DC, over perhaps twenty years, tried to recreate Starman (the second version), Air Wave, Starman (the third version), Sandman, Starman (the fourth version), Black Condor, and Green Arrow. These works enjoyed differing degrees of success, but generally failed to show adequate momentum to keep their titles in print. The charcters either disappeared (Air Wave, the second and third Starmen and the Black Condor), retained a place as no more than a footnote in current DC continuity (Sandman) or even had to step down to allow their prototype to return to comics (Green Arrow).
Viewing the performance of revised characters since 1968 (when Marvel's Vision character appeared, to succeed in comics for over 30 years in group titles), one might easily proclaim the experiments almost universally unsuccessful, in spite of the critical acclaim or easily recognized quality of the works. And, it seems, that the old "Big Two" companies have become somewhat more cautious about such experiments now that the entire market crosses a small community of readers.
No single reason makes recycled characters fail, but several tendencies do help recreated heroes move from the shelf to the dustbin.
Indifferent presentation or weak design will kill a revised character, especially where the previous version already lacked appeal. The commercial failure of Mar-Vell as Captain Marvel suggested that the market would not support the character; and the replacement Captain Marvel had considerably less going for her to interest a reader. The overall blandness, superfluity, and disposability of the character suggest that even the luminaries of comics writing would find it difficult to get any mileage from her concept.
Often, titles that die do so because no one really cares about the storylines or the characters any more. Sometimes this should tell creators something, like the weakness of the concept. The Golden Age superheroes vanished because of a loss in interest in superheroes per se more than the particular characters themselves, so a revived interest in superhero comics would, as a rising tide, lift all boats. Characters that failed in more flush times, however, provide less sure matter for recreating a successful hero.
If a recreation of a superhero occurs without any clear period in which no hero bore the name or concept, this seems to help fordoom the new creation to obscurity. For instance, Marvel's second Captain Marvel, herself failing to create any interest, still peopled the pages of team books when Marvel attempted to create its third Captain Marvel.
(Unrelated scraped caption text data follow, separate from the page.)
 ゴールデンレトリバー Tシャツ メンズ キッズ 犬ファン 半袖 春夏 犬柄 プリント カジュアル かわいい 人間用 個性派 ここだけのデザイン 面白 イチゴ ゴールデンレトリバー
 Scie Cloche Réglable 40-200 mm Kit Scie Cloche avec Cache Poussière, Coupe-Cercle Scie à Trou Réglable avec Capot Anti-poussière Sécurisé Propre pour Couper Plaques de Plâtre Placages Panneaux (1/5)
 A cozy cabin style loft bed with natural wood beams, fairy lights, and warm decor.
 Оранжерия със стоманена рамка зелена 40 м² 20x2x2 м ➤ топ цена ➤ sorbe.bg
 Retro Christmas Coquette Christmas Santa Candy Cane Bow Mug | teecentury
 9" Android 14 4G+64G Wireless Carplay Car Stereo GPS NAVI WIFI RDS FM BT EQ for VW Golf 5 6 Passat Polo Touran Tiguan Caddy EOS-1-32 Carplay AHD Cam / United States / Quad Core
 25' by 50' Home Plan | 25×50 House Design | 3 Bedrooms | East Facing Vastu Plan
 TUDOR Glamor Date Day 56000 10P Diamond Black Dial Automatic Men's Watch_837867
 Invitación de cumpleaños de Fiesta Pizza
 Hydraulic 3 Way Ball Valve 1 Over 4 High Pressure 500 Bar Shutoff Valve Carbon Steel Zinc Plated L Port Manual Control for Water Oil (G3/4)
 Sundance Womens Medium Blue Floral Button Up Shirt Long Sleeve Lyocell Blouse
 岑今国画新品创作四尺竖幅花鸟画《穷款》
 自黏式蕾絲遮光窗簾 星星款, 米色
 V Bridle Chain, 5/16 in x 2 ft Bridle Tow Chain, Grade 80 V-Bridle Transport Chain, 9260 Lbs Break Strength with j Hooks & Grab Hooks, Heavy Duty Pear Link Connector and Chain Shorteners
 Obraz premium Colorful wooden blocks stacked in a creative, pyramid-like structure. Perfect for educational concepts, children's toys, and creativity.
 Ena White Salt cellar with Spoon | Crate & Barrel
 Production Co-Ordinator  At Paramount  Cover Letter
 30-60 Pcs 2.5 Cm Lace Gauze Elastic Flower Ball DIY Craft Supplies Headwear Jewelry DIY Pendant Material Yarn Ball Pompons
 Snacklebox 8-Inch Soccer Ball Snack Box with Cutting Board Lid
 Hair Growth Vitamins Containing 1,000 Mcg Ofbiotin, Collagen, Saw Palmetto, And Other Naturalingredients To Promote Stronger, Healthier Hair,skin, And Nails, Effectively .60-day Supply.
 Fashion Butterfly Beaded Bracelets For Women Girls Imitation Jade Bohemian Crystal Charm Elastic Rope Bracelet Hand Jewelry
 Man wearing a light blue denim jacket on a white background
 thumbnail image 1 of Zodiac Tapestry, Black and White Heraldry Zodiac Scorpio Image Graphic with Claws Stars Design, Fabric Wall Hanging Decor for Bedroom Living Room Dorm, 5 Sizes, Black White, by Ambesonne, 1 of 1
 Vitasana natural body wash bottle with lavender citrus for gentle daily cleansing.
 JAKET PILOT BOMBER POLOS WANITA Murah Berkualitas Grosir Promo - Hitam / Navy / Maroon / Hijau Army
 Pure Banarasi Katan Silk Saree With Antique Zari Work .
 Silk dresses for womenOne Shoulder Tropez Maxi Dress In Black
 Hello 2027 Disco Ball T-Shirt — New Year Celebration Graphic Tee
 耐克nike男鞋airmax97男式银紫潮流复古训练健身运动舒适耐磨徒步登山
The aftermath may have left neither character using the name and no one interested in either "Photon" or "Legacy."
The rapid succession of Green Arrows and Starmen may have helped undermine interest in the characters as well.
Recreated characters will not generally succeed if their originals play much greater roles in the comics mythos than the later versions. If Superman or Batman died and DC replaced the character with minor supporting character in a second-tier book, readers would resent the new version. This probably killed the second Green Arrow, who turned off many readers by the smaller role he seemed to play in his book than had the original back during his days with the Justice League.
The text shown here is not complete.